Edward Jay Epstein has just published a new book called The JFK Assassination Diary based on the diary he kept when he wrote Inquest. It is available on Kindle, Nook and as an Itunes ebook. It will soon be available in paperback.
He wrote me about it:
As you know I was the only person to interview the Warren Commission as well as its staff and liaisons with the intelligence services. I did these interviews as an undergraduate at Cornell with no credentials as a journalist, scholar, or author. My interviews also produced a revelation that shook the journalistic establishment, which had been blithely reporting until the publication of my book Inquest that the Commission had left no stone unturned in an exhaustive investigation. In fact, as I showed, it was a brief, sporadic, and incomplete investigation. Indeed one in which the senior staff lawyer in charge of the crime scene investigation quit after two days, and the young lawyer who took his place, Arlen Specter, was never able to view the single most crucial piece of evidence — the autopsy photographs. The Commission was never able to obtain them, nor other pieces of evidence, because Robert Kennedy blocked it. For the same reason, the Commission was not provided with any information about a parallel plot to kill Castro in 1963. The Commission could not connect dots to which it was denied access.
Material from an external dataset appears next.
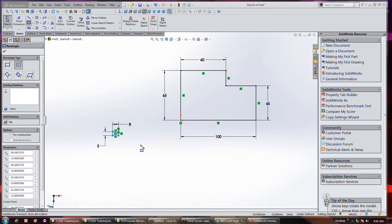After creating the profile with the line command, I looked at all of the automatic relations that were added, deleted a few of them, and then manually added the correct relations. Once all the relations were taken care of, I then smart-dimensioned it and at that point had a fully defined sketch. Let's begin by creating a new part file, setting units to inch-pound-second, and creating a new sketch on the front plane.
I had no problem getting this information. Many of the young lawyers on the staff were furious with the way the investigation had been handled and the time pressure imposed on them. So they gave me FBI reports, payroll records and their memos, without me even asking. This raises a question. As these lawyers and Commission members were not bound by any secrecy agreement, as amazing as that might seem nowadays, why had not journalists from major news organizations sought the same information from them? After all, in 1963, the Kennedy assassination was the crime of the century. Fifty years later, I still cannot answer this question.
A very good question. Why weren’t journalists from major news organizations more . . . enterprising? It is another variation on The Emperor’s New Clothes, where a Cornell undergraduate manages to see what many much more experienced and credentialed experts failed to see, or avoided seeing. I would answer Epstein’s question like this: The experts were disinterested in gathering evidence that might contradict their world view. That world view included a belief in the competence of exceedingly important government commissions. They didn’t want to gather evidence that might make them uncomfortable. I see this every year at Nobel Prize time. No journalist ever questions the claims in the press releases that accompany the prizes.
Normally I pay no heed to JFK assassination yarns, but I saw one the other day that raised a wry smile. The proposition was that when JFK was first shot, the car behind jolted and a secret service man aboard accidentally fired a shot which was the one that removed much of Kennedy’s head.
The wry smile was caused by the thought that many of the claimed inconsistencies in the evidence might be explained not by a huge conspiracy, but by a simple accident.
On the who gains principle, LBJ must be the main suspect. On the principle of cuckolded men seeking revenge, the field is too large to contemplate.
As for why journalists are not inquisitive, the answer is probably the same as for why dogs lick their balls.
Related to this is how some investigations refuse to consider eye-witness evidence. My vague memory after all these years is that people heard bullets coming from a different direction than from the window where Oswald was. This testimony was discounted.
But here are two other incidents where this happened:
1. The airplane that blew up in the sky over the south shore of Long Island back in (I think) the early 90′s. Many eyewitnesses on the beaches said they saw something flying in the sky hit the airplane. This included ex-military people who knew what a missile looked like in the air. All of these testimonies were discarded in the investigation because they obviously didn’t know what they were looking at. I remember a ridiculous animation put on TV by the government that tried to explain that the aircraft just broke in half somehow on its own. What was funny was that parts of their explanation apparently conflicted with the laws of gravity and other scientific basics.
2. Again in the 90s I think, an American ship shot down an Iranian civilian airplane, killing many people. The electronic equipment on the ship somehow convinced the commander that it was a military plane and had to be shot down because of where it was and how it was maneuvering. However, sailors on the ship were able to use their own eyes to tell that it was a civilian airplane.